Es geht um uns – dass wir uns schämen. Und Scham, sagt der Papst, kann eine Gnade sein . Ein „Gedenktag“ will helfen, ins Nachdenken zu kommen – über uns selbst. Das Andenken an die Opfer von Gewalt und Terror will uns sensibilisieren, will uns zu Mitfühlenden machen. 

  • Es kann richtig sein, die Täter beim Namen zu nennen – aber dabei dürfen wir die Opfer und ihre Einzelschicksale nicht vernachlässigen. 
  • Es kann angemessen sein, sich laut zu empören – aber ebenso ist das schweigende Innehalten legitim. 

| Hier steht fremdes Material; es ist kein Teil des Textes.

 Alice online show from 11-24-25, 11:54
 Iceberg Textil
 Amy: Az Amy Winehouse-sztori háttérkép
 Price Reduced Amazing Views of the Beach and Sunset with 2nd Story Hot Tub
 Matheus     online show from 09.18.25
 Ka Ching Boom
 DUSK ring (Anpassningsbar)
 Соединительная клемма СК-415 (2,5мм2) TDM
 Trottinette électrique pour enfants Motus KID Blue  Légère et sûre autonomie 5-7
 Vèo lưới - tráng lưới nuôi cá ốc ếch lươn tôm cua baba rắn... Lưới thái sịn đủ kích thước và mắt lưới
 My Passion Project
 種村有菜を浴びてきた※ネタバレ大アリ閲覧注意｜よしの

  • Man kann aus guten Gründen mit spektakulären Fakten und Fotos schockieren und heilsame Abscheu auslösen – man kann aber auch diskret die verblichenen und zarten Spuren derer pflegen, die einst ganz unaufgeregt dazugehörten.

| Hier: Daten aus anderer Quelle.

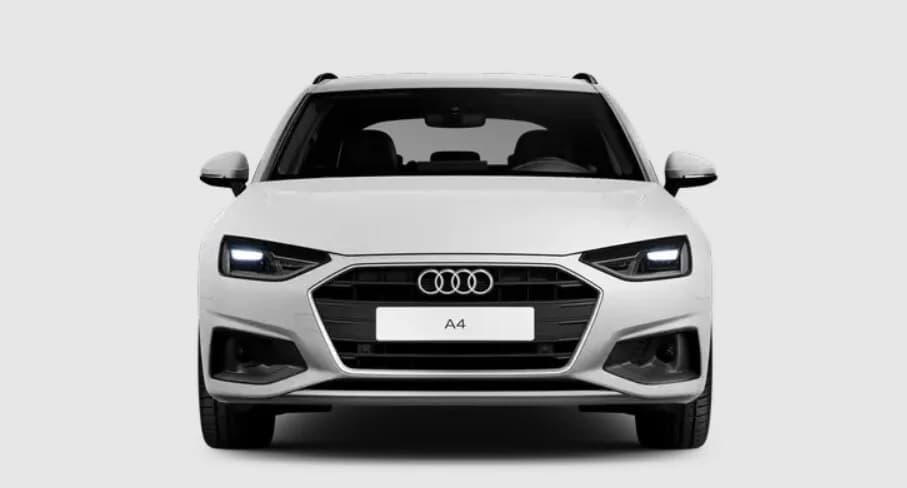 Audi Audi — zdjęcie 2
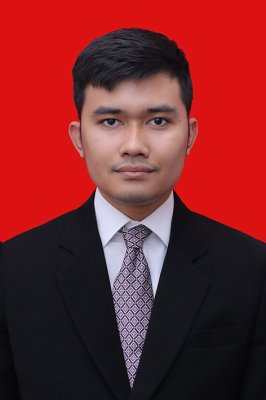MUHAMMAD YUDHISTIRA ANDY PRATAMA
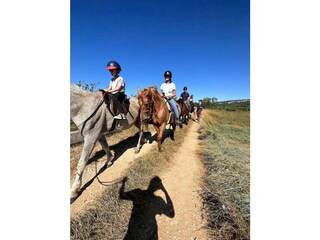 Ranch Medvidovic in Imotski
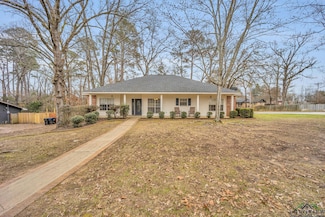 1000 Camille Dr, Longview, TX 75605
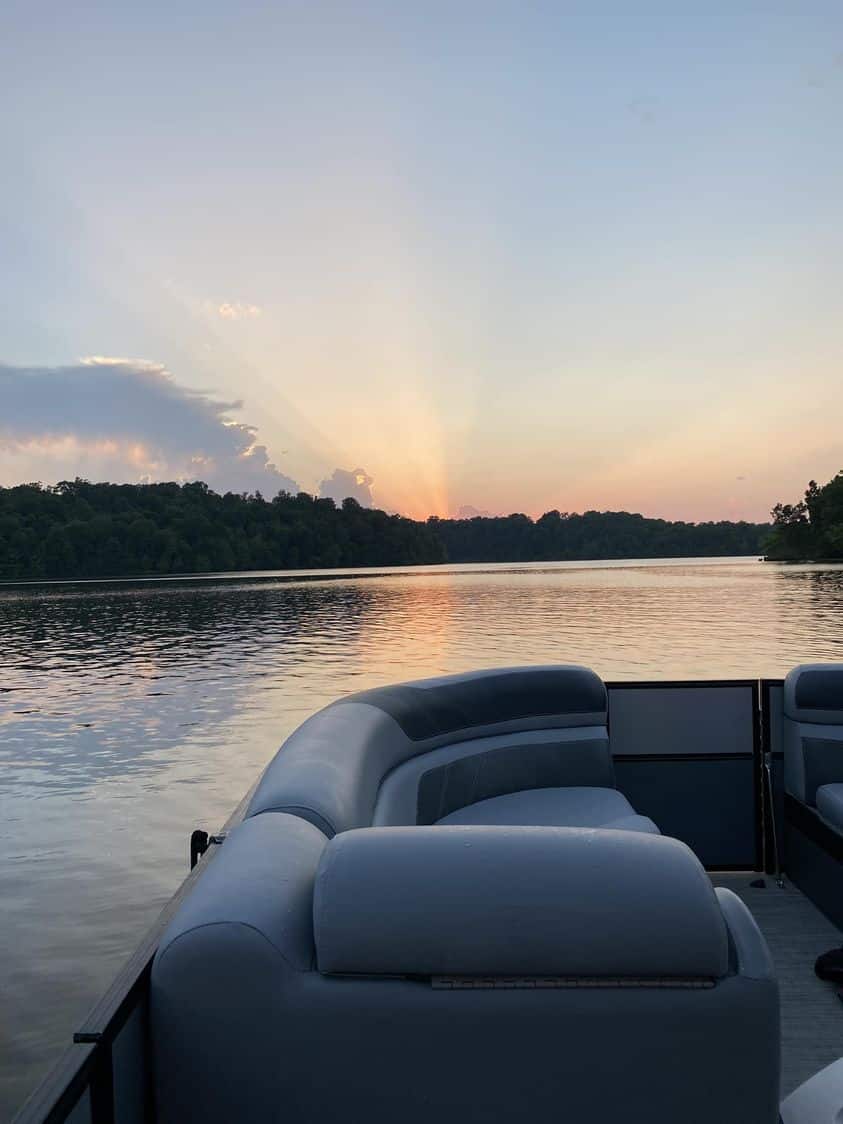 All Aboard Pontoon Rentals Visit Madisonville, Ky Hopkins County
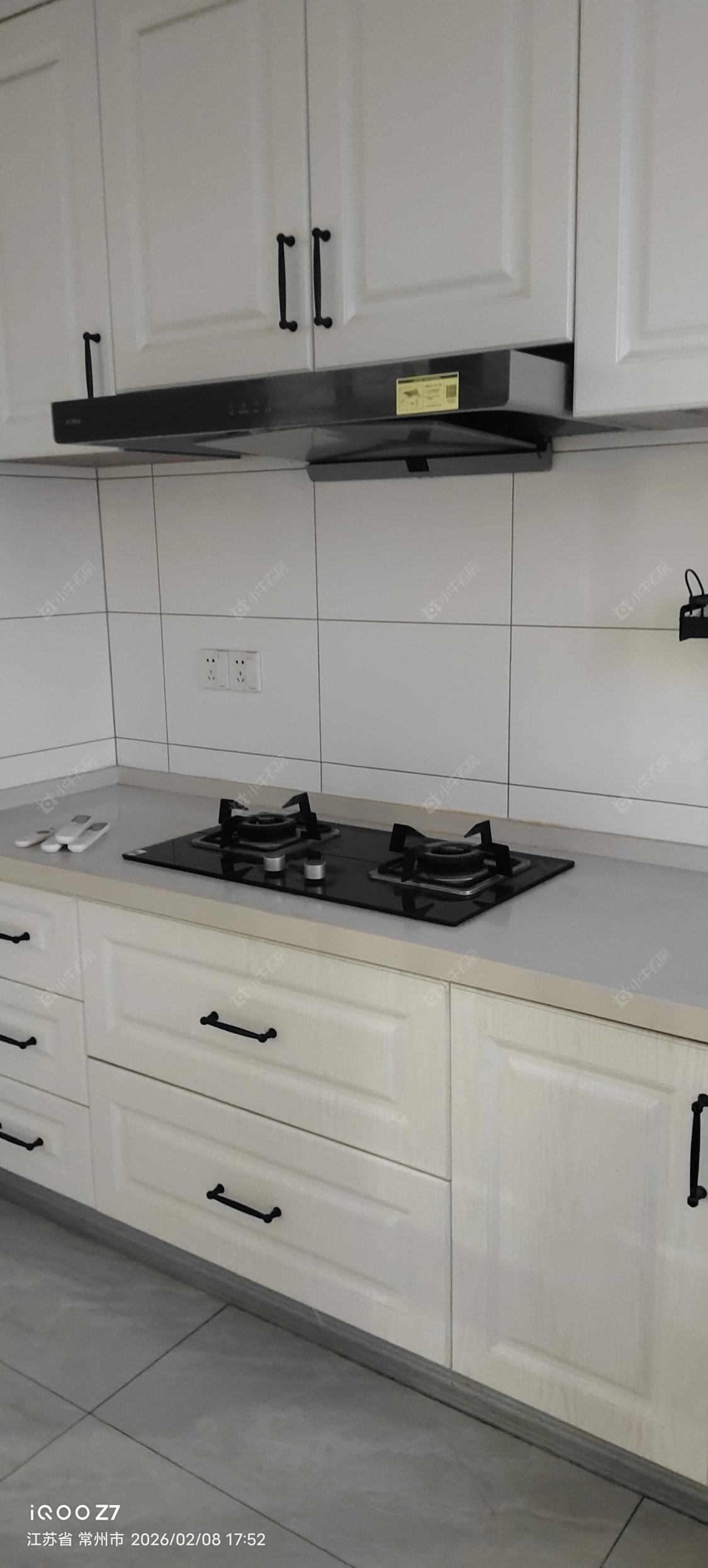 常州丽景花园在租房源室内图_小牛看房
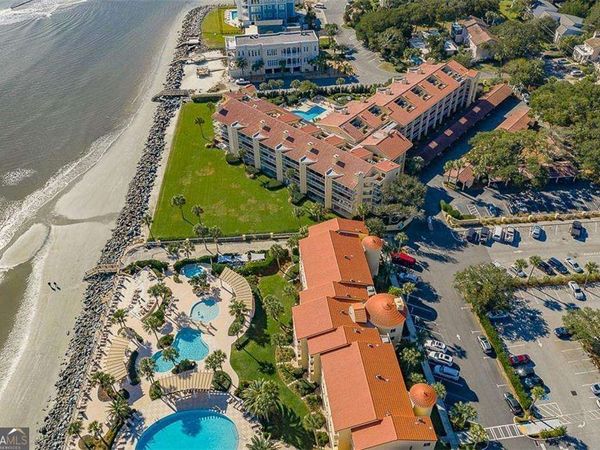 201 Neptune Road, Unit 349, St. Simons, GA 31522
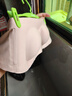 FitonTon無(wú)肩帶抹胸防滑文胸粉底液隱形收副乳聚攏內(nèi)衣女漫畫(huà)胸夏季胸罩 曬單實(shí)拍圖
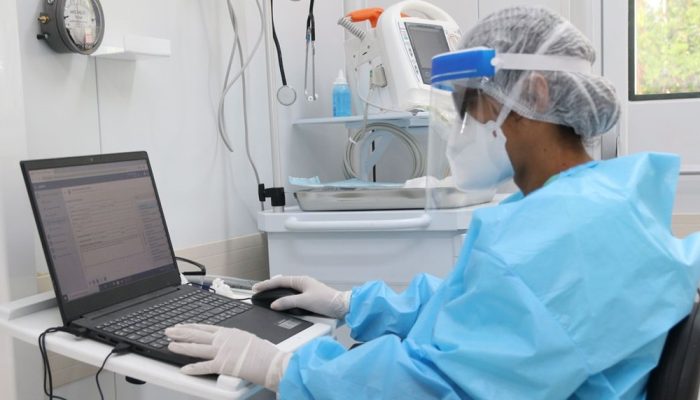 Fundação Oswaldo Cruz, FIOCRUZ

  • Man kann es sich leicht machen, berechtigterweise und doch in ritualisierter Form die Schuld zu beschwören – und dabei die eigene Verpflichtung, selbst Verantwortung wahrzunehmen, geflissentlich übergehen.

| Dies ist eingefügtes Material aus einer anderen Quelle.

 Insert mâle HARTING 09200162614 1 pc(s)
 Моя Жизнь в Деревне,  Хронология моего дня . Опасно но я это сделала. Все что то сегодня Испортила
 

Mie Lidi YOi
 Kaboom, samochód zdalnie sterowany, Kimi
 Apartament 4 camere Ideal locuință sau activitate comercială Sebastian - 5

Kurzum: Es geht auch an einem Holocaust-Gedenktag um uns! Es geht um die Einsicht: Vergangenheitsbewältigung ist immer auch Gegenwartsbewältigung. Denn der sogenannte Holocaust war – so kann man fern aller fachlichen historischen Einordnung und aller politischen Bewertung sagen – erst einmal ein Akt der Herzenshärte und der Gefühllosigkeit einerseits sowie der Feigheit und der Angst andrerseits. Nicht einfach eine bestimmte Ideologie war Ursache des Judenhasses, sondern eine verkrümmte Herzenshaltung des Misstrauens, der Ignoranz, der Überheblichkeit, der Gedankenlosigkeit. Und all diese Fehlhaltungen sind nicht „von gestern“, sondern schwelen und gären und giften bis heute. Oder immer wieder neu.

Sich dies bewusst zu machen, kann unser Denken verändern. Damit wären wir wieder bei den biblischen Sterndeutern – die ja auch „Weise“ waren. Und diese Weisen zogen „auf einem anderen Weg heim in ihr Land“: Sie waren verändert, nicht mehr dieselben.